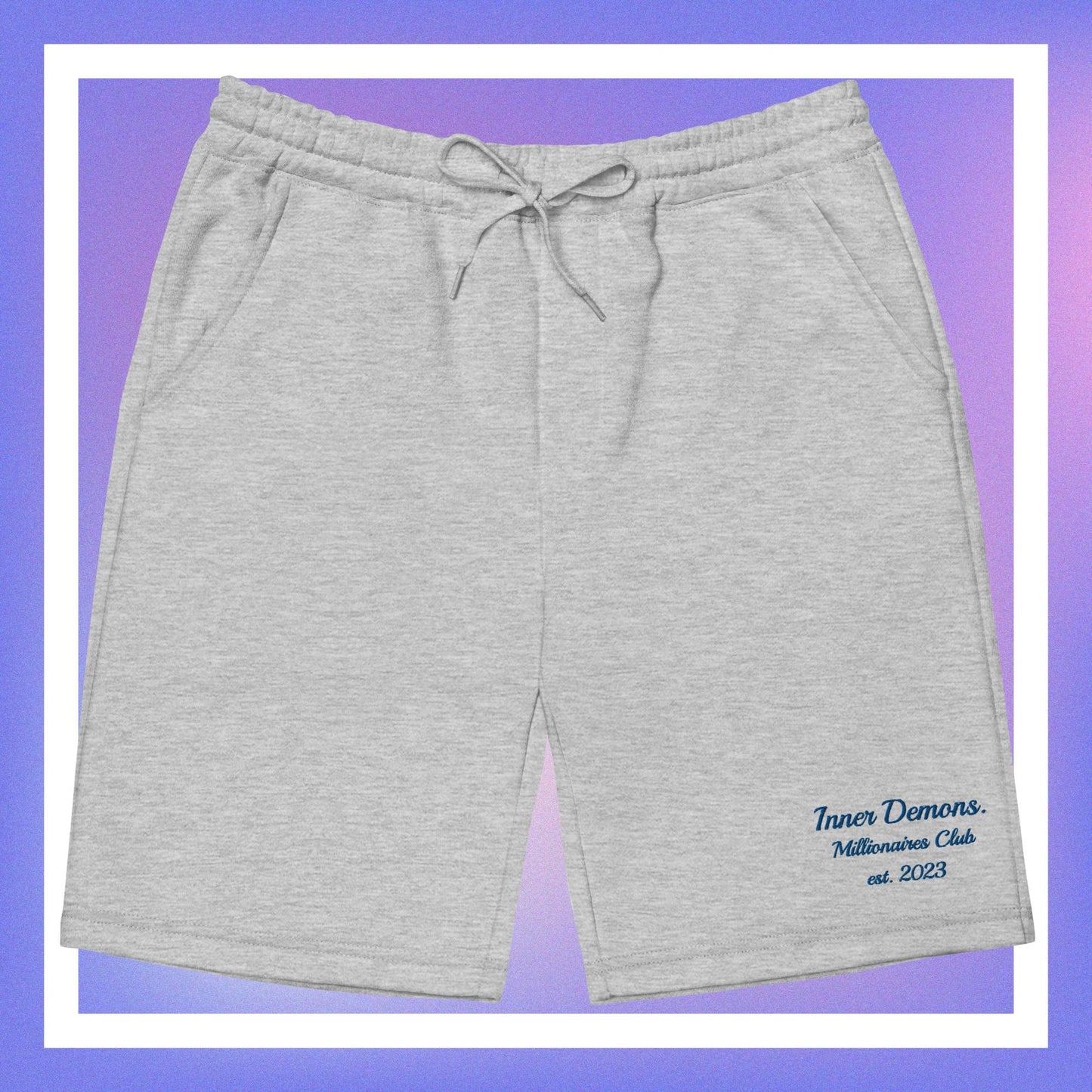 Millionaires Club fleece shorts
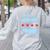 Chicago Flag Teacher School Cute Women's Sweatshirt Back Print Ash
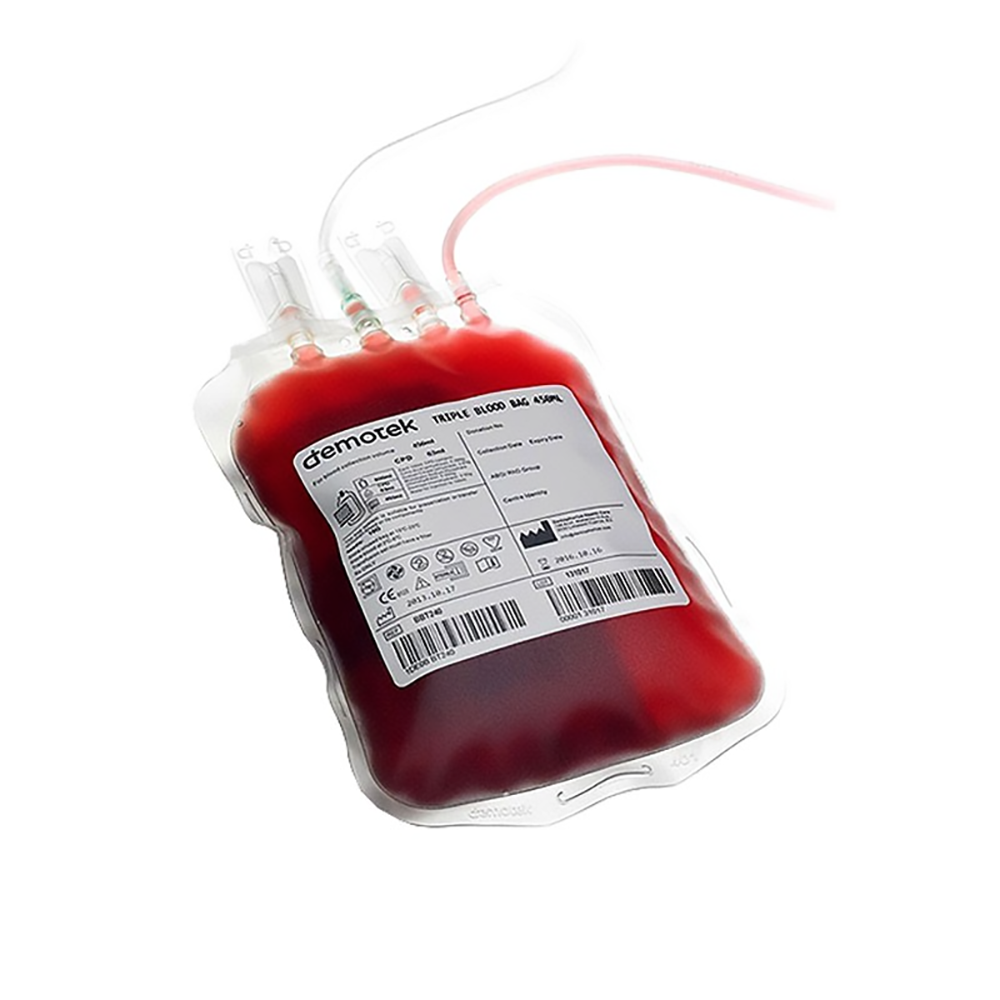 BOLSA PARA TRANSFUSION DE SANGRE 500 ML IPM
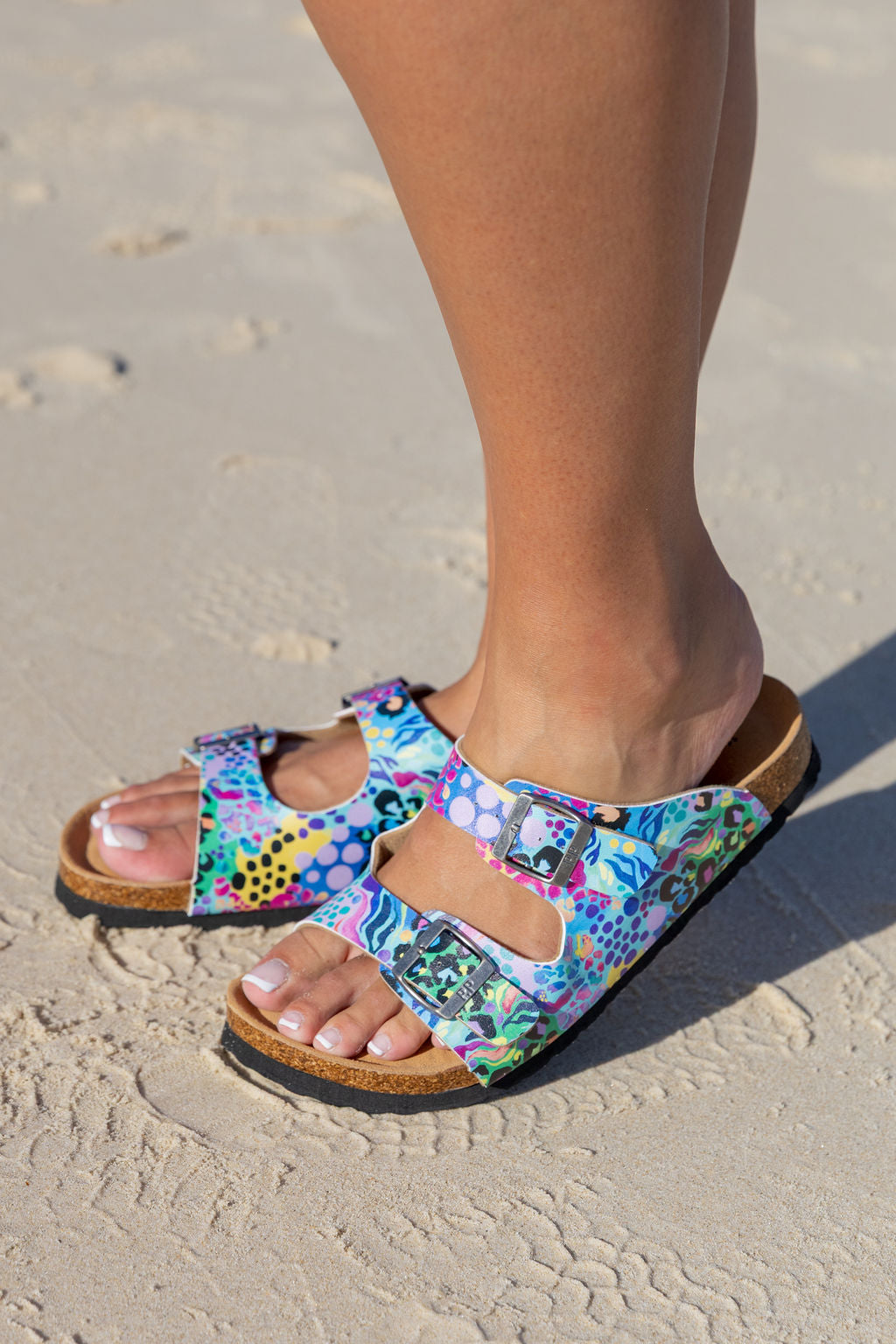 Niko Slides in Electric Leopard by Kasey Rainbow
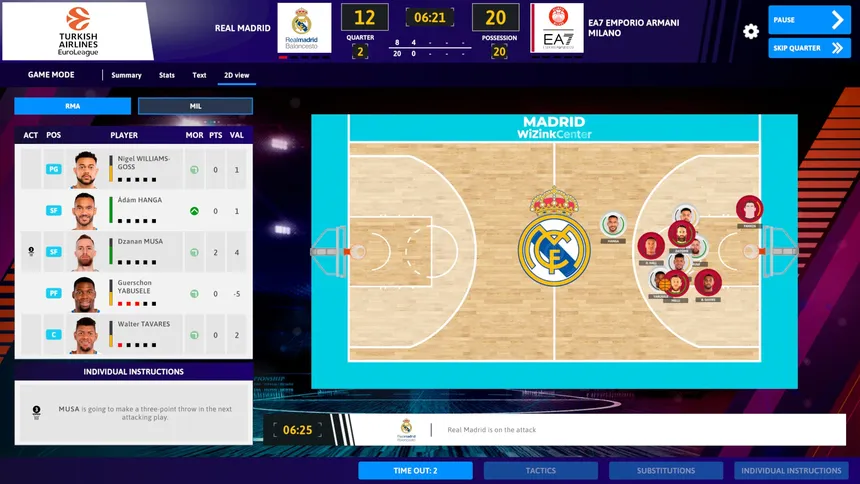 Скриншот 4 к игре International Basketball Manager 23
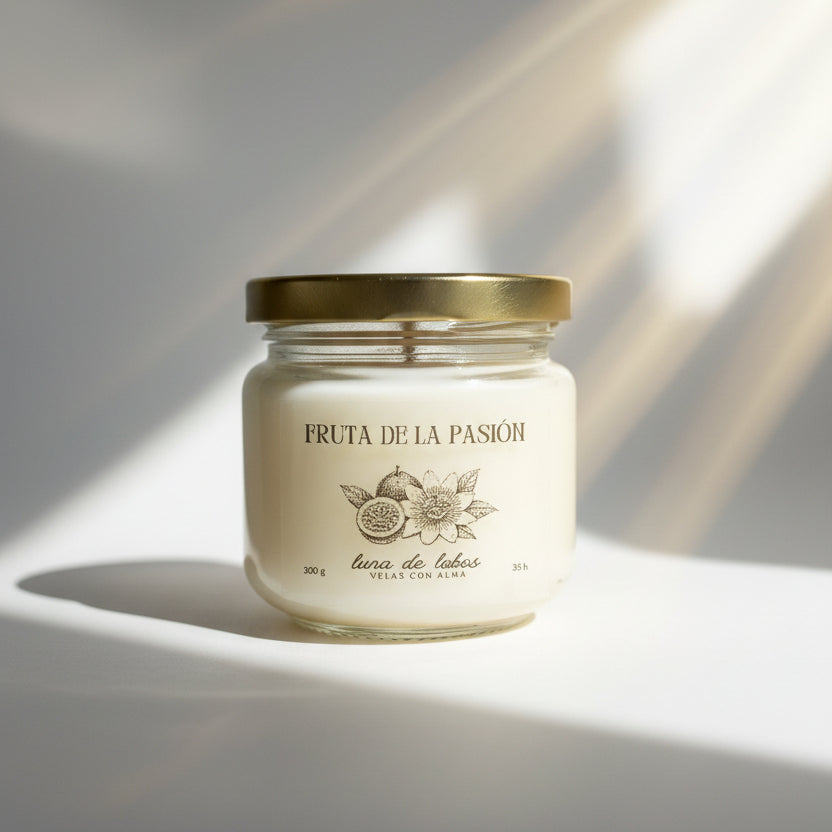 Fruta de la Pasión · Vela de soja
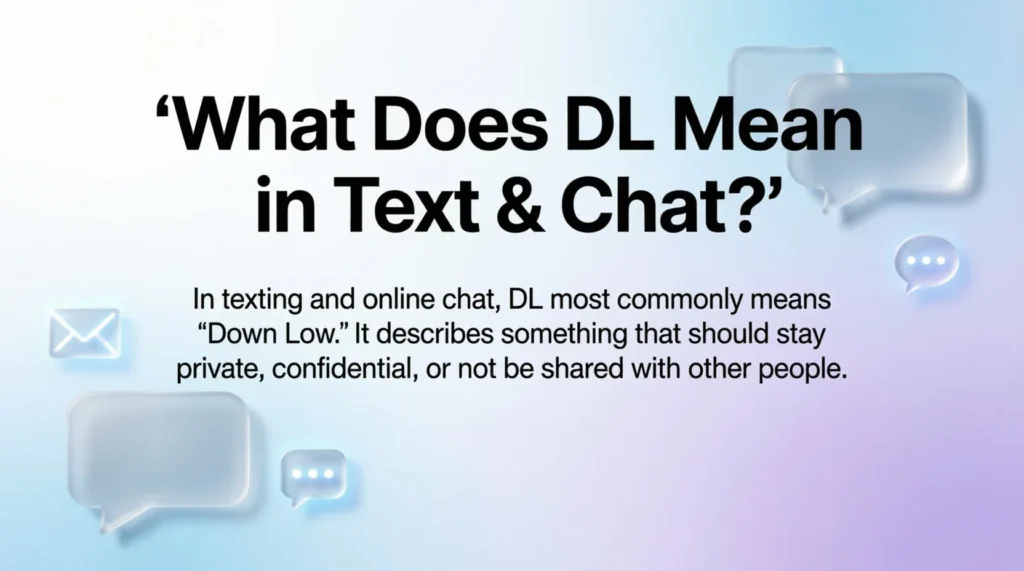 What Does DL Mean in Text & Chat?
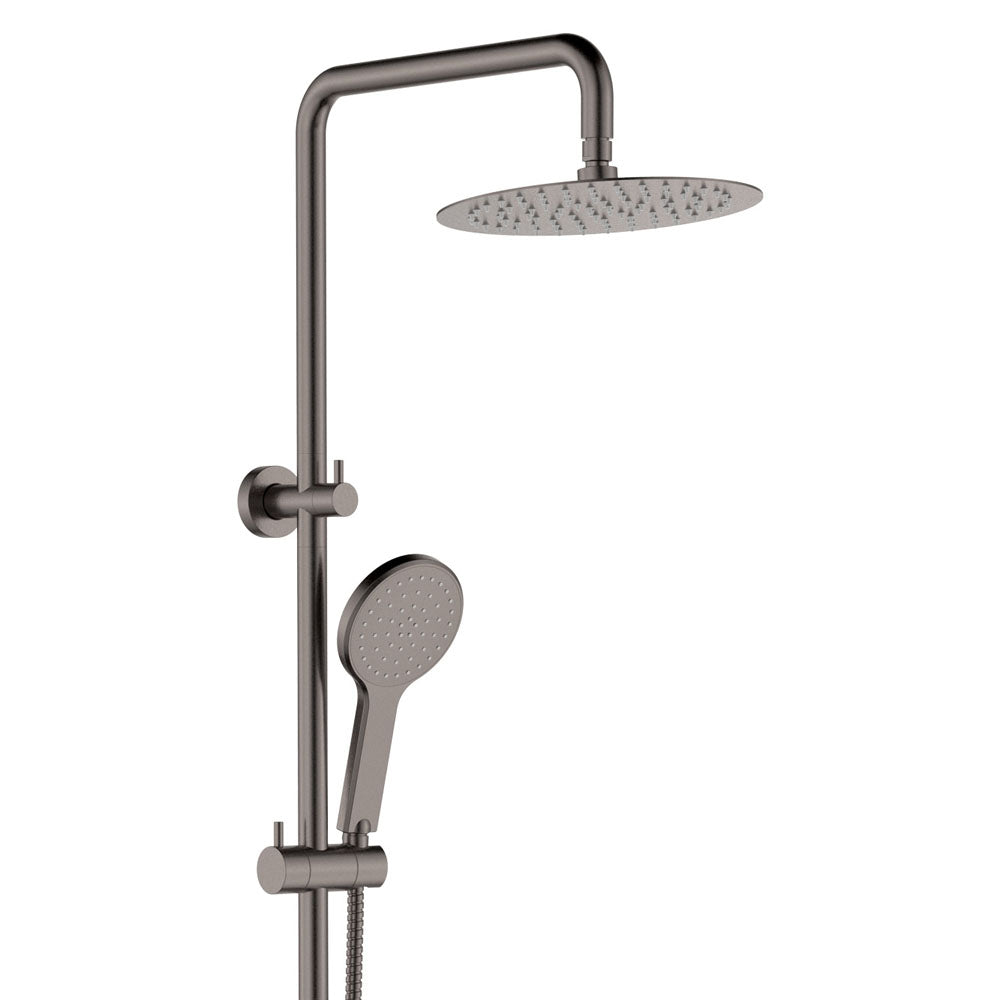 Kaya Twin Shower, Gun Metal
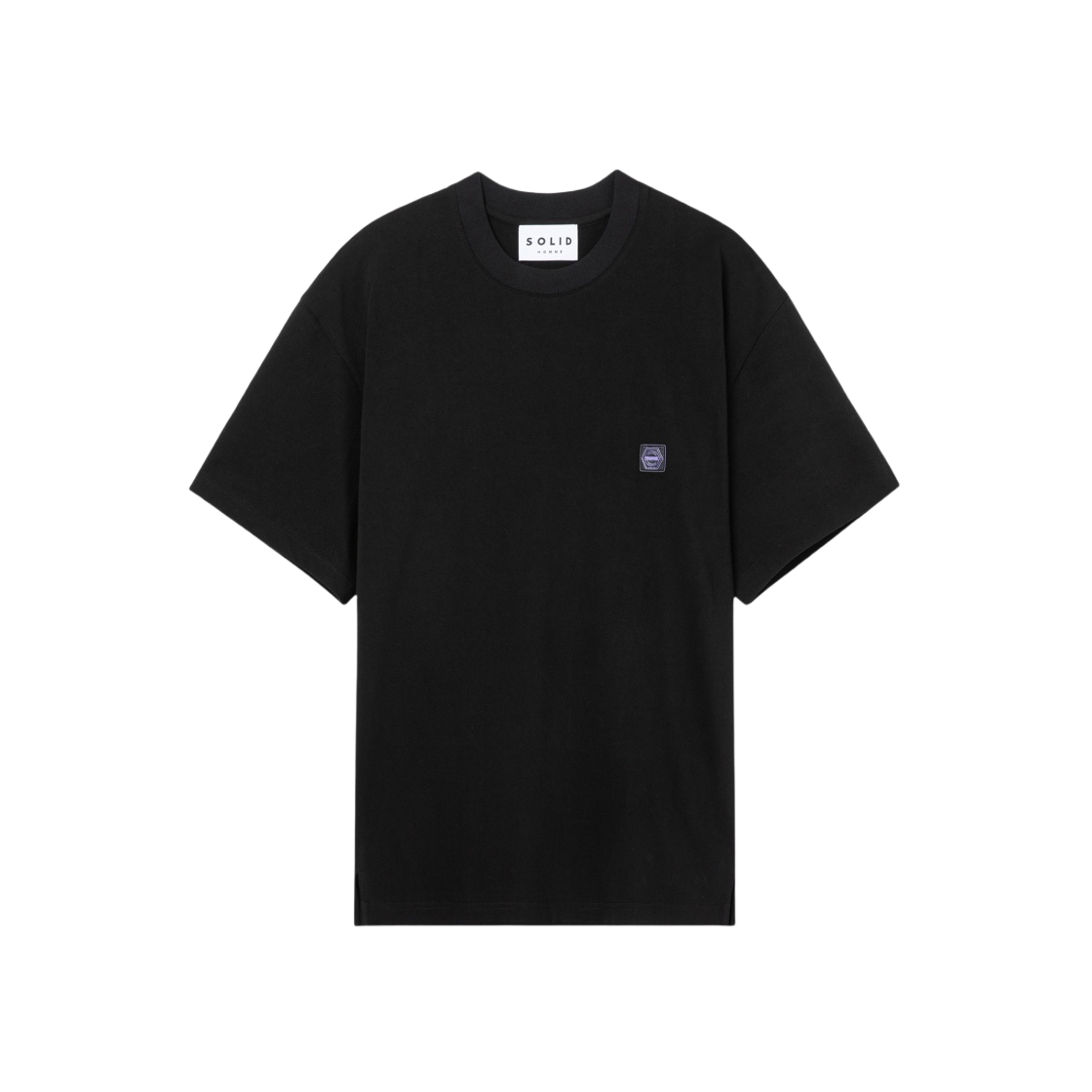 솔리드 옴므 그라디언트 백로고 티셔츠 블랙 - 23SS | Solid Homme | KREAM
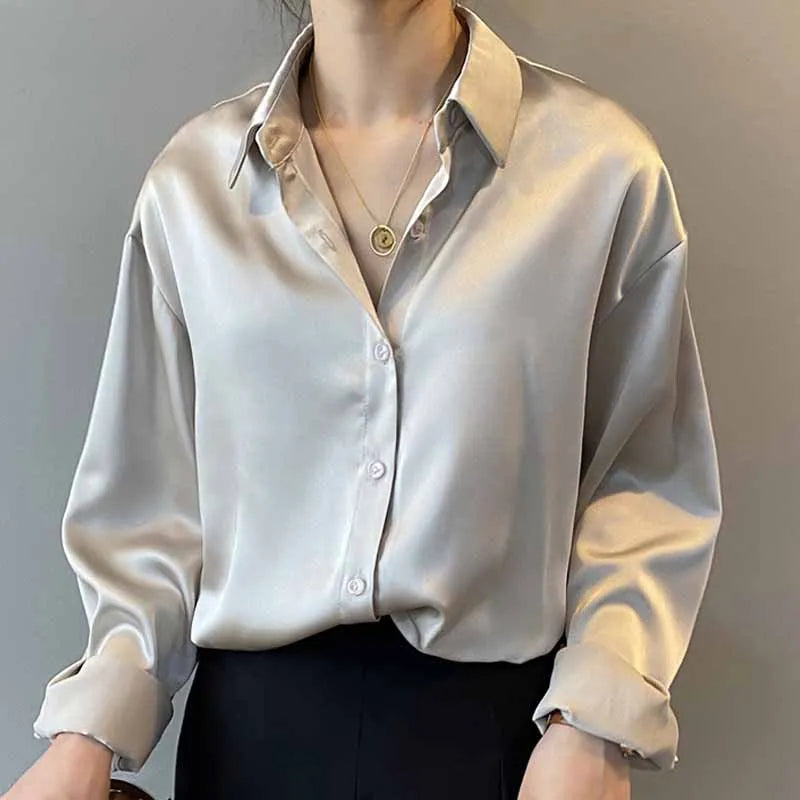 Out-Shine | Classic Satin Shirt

___

WORK INSTRUCTION:
Please write out all the data word for word, but keep every picture out.

THE ANSWER:
 Millionaires Club fleece shorts
 Chicago Flag Teacher School Cute Women's Sweatshirt Back Print Ash
 BOLSA PARA TRANSFUSION DE SANGRE 500 ML IPM
 Niko Slides in Electric Leopard by Kasey Rainbow
 Скриншот 4 к игре International Basketball Manager 23
 Fruta de la Pasión · Vela de soja
 What Does DL Mean in Text & Chat?
 Kaya Twin Shower, Gun Metal
 솔리드 옴므 그라디언트 백로고 티셔츠 블랙 - 23SS | Solid Homme | KREAM
 Out-Shine | Classic Satin Shirt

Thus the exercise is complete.